▶ **Aim of the exercise**:
Please write out every line of the material, leaving out any picture.

▶ **Given information**:
--- --- ---
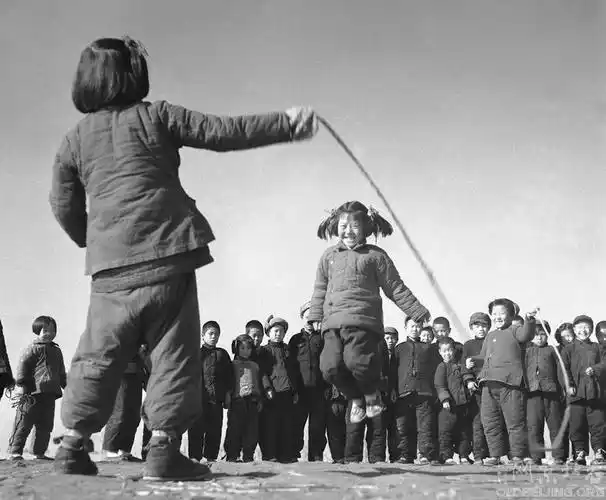 老照片童年游戏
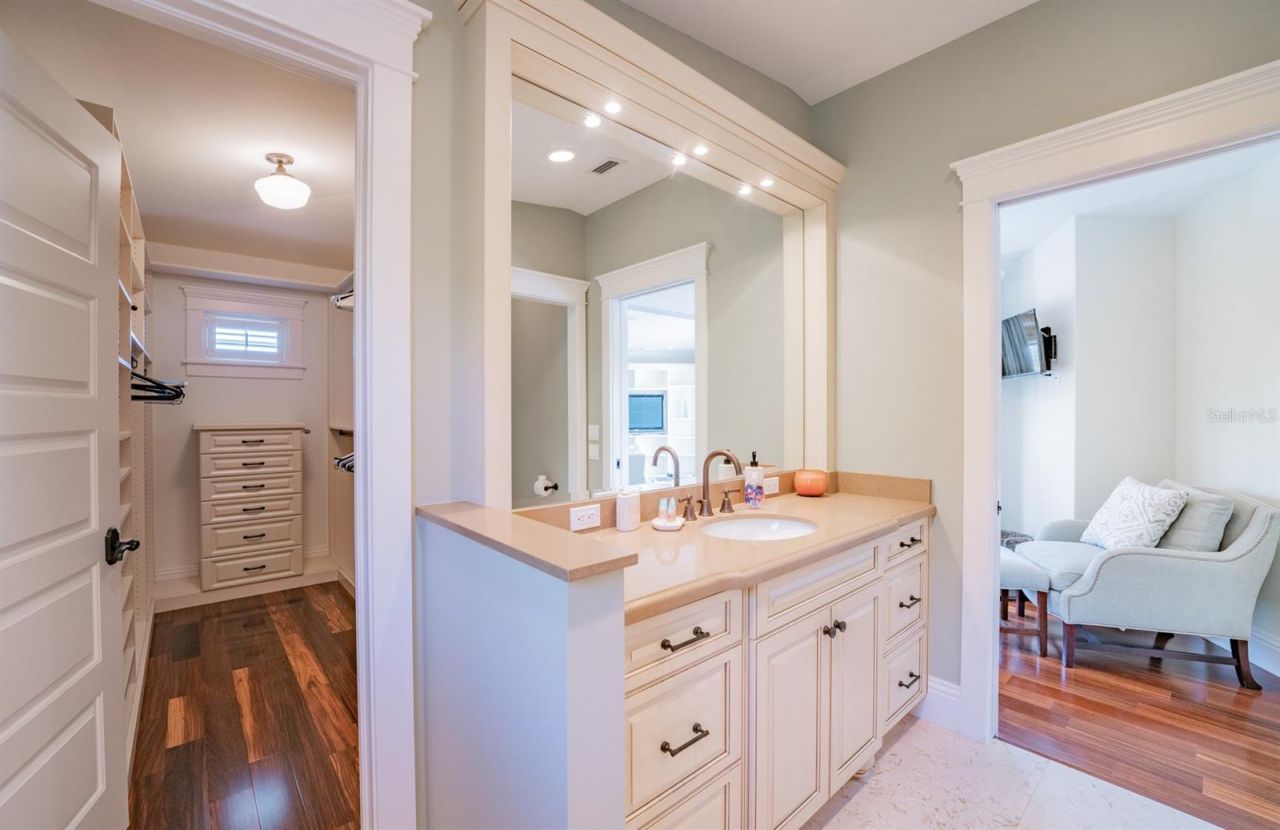 714 Jacaranda Road, Anna Maria, FL 34216 Photo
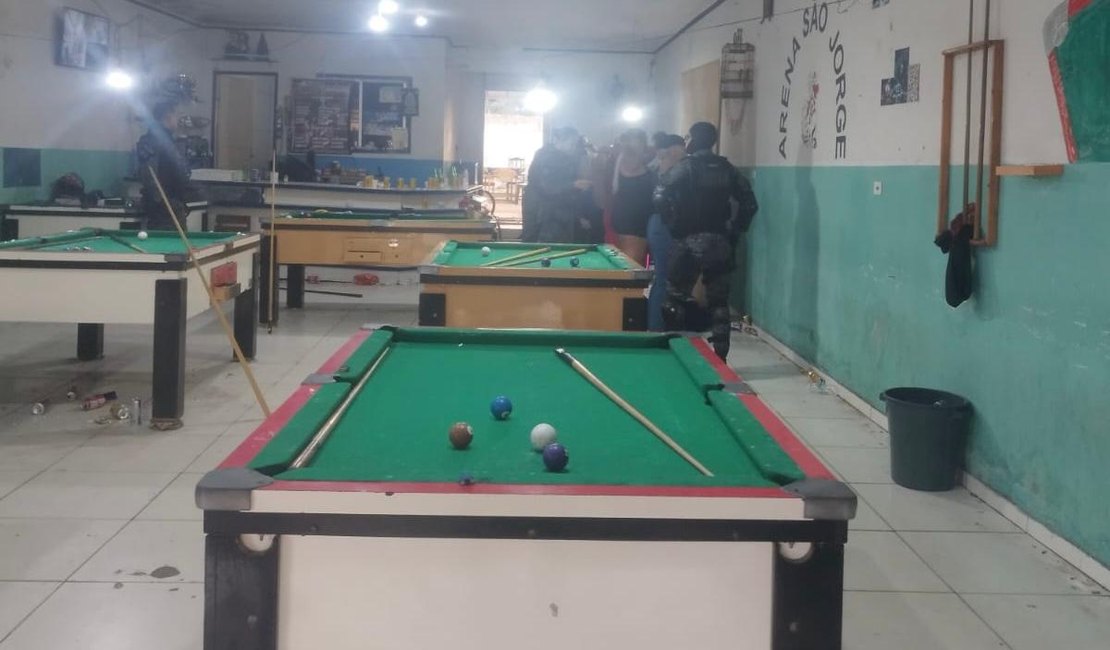 PM flagra jogo de azar com prêmio de R$ 200 mil e grande aglomeração em Arapiraca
--- --- ---
▶ **Response below**:
 老照片童年游戏
 714 Jacaranda Road, Anna Maria, FL 34216 Photo
 PM flagra jogo de azar com prêmio de R$ 200 mil e grande aglomeração em Arapiraca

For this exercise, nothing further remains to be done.